Reproduce exactly the lines from the one containing "Bergsdal 1.5-seater armchair, Oslo" through the end of the entries, including both. Drop the pictures.

Dataset entries:
------

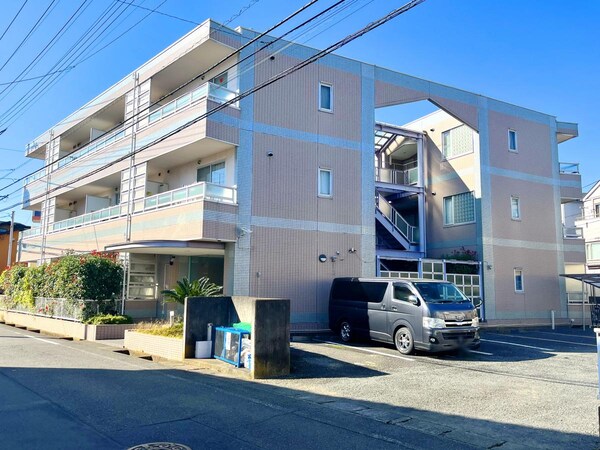 外観(★お部屋探しはタウンハウジング稲田堤店まで★)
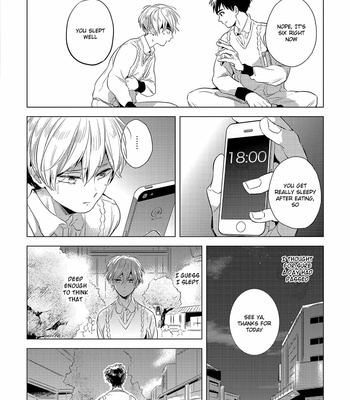 [AKAHOSHI Jake] Nemureru Hiru wa, Kimi no Shita [Eng] – Gay Manga sex 36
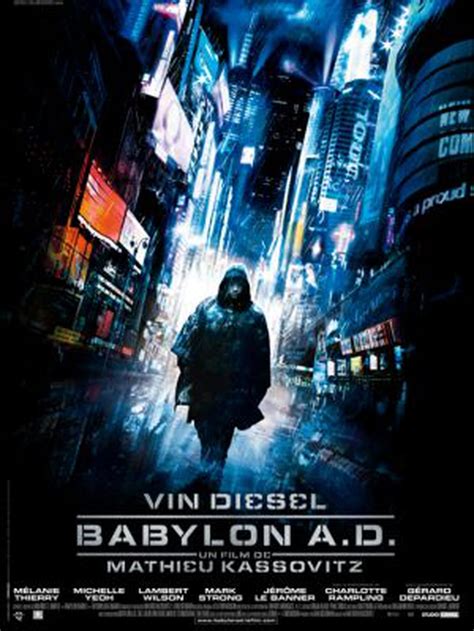 Photos Babylon A.d. Streaming Vf 2023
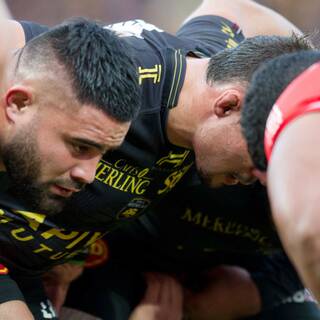 13/11/16 - Top 14 - J11 - Stade Rochelais 25 - 19 Toulouse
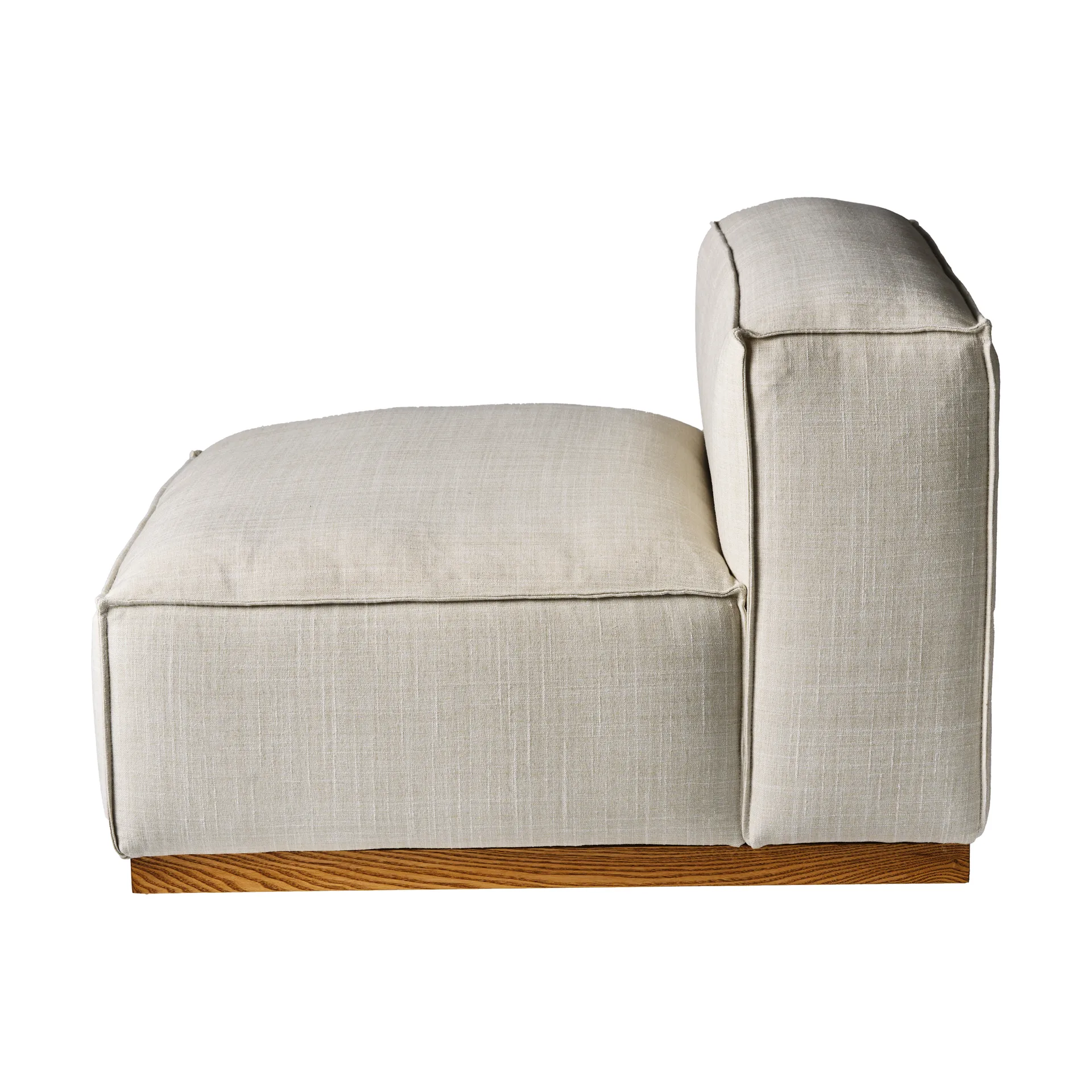 Bergsdal 1.5-seater armchair, Oslo nature 1898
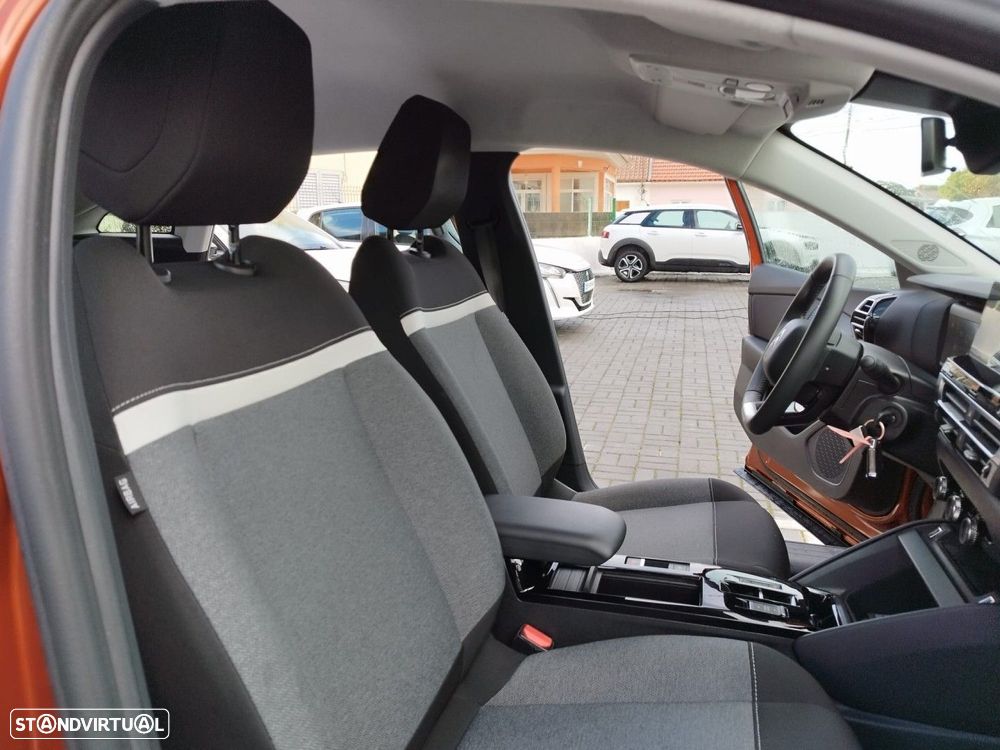 Citroën e-C4 50 kWh Feel Pack - 13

------

Written response:
 Bergsdal 1.5-seater armchair, Oslo nature 1898
 Citroën e-C4 50 kWh Feel Pack - 13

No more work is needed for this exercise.